18 July 2002
PPTA Sticks To Its Guns
The existing membership consultation process on an alternative dispute resolution proposal remains on track, PPTA president Jen McCutcheon said today.
"It is clear from Executive members, individual members and branches who have contacted us today - that the current timeline for the consultation is working very well. We know how schools work and the kinds of processes that are most effective for teachers.

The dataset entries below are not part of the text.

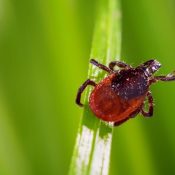 Tick-borne-Diseases-in-Texas-.jpg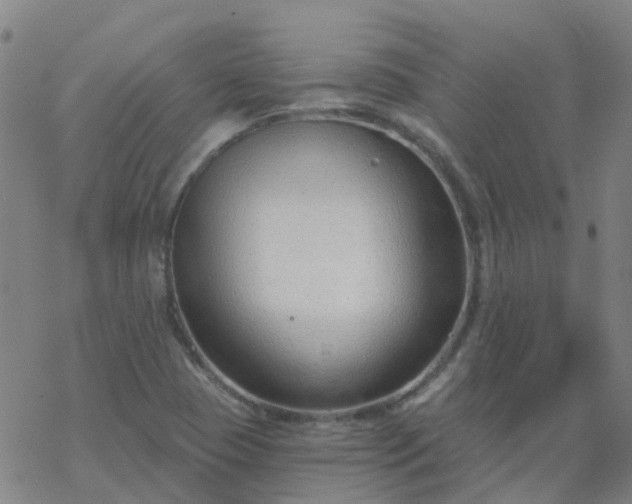 X0000069361409200605192046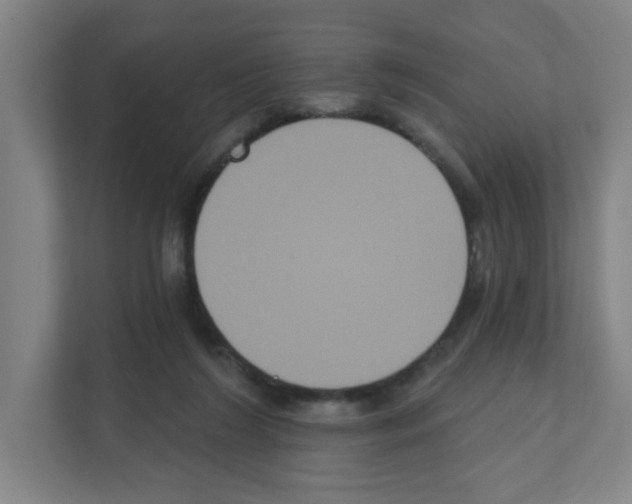 X0000111160212200908111200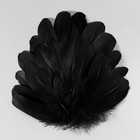 Набор перьев гуся 13-18 см, 20 шт, чёрный - фото 9930305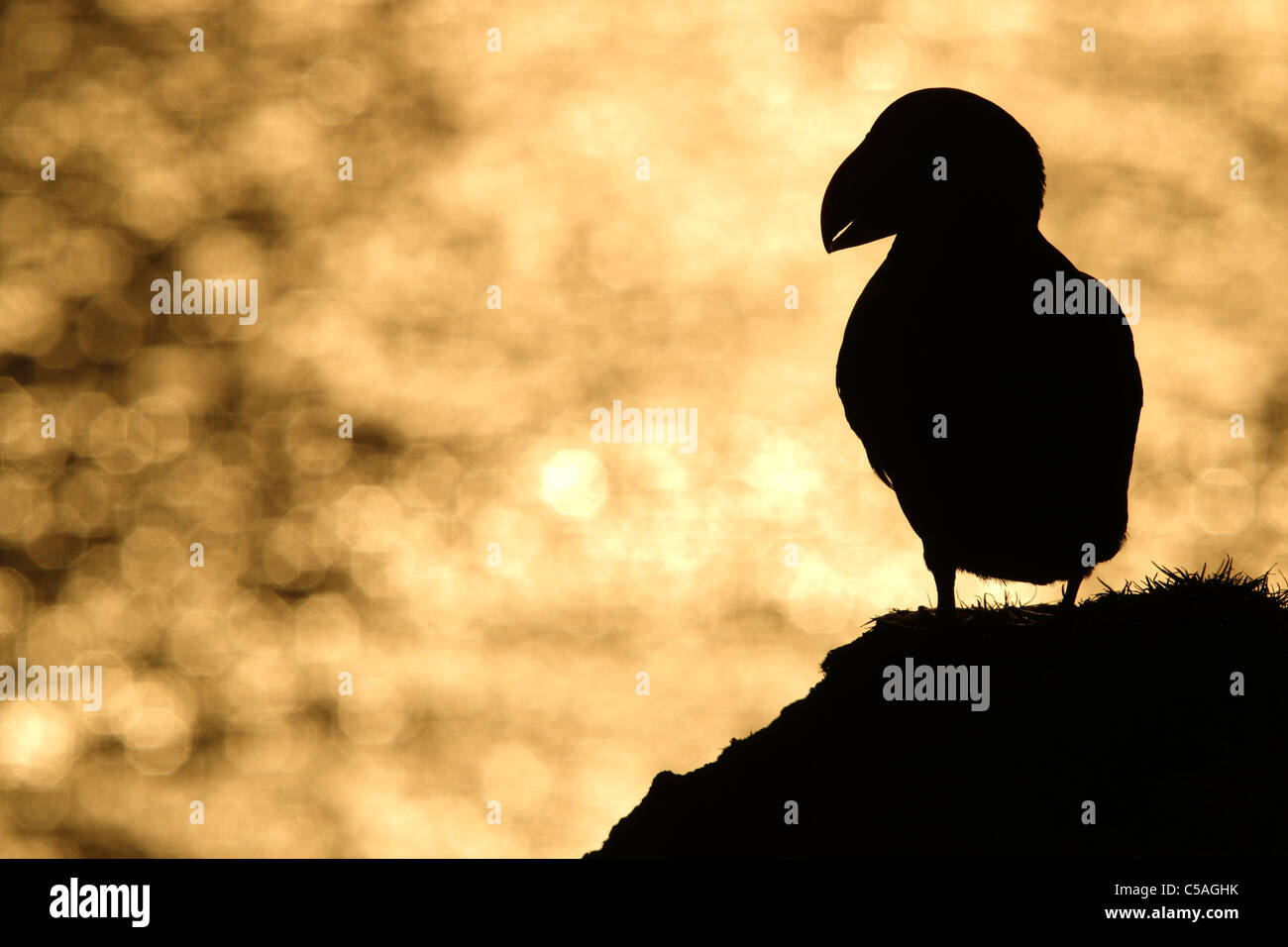 Puffin (Fratercula arctica) silhouette al tramonto. Europa Foto Stock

She said members were dismayed by the apparent heavy-handedness of the ultimatum set by the Education Minister. "His government's employment legislation gives workers the right to be consulted on issues affecting their employment agreements and due processes to be followed during such consultation. His demands seem to have completely overriden that and caused a tremendous amount of anger among secondary teachers.
"This is a very significant issue on which PPTA members are being consulted. They take their democratic rights very seriously and - as you would expect of secondary teachers - place a high priority on making informed decisions.
"For the Minister to suggest that teachers who are out of school at present, could be couriered or faxed the information and relay their response, shows how woefully out of touch he is with secondary education. Try faxing or couriering a document to a teacher on a biology field trip in the mangrove swamps up north, or to a geography teacher on the top of Mt Arthur - it's just not possible.
"Unfortunately, this kind of attitude and behaviour is what we have had to deal with over the last 16 months. If the Minister had taken a reasonable approach at the outset, I am sure we would have had a settlement a long time ago."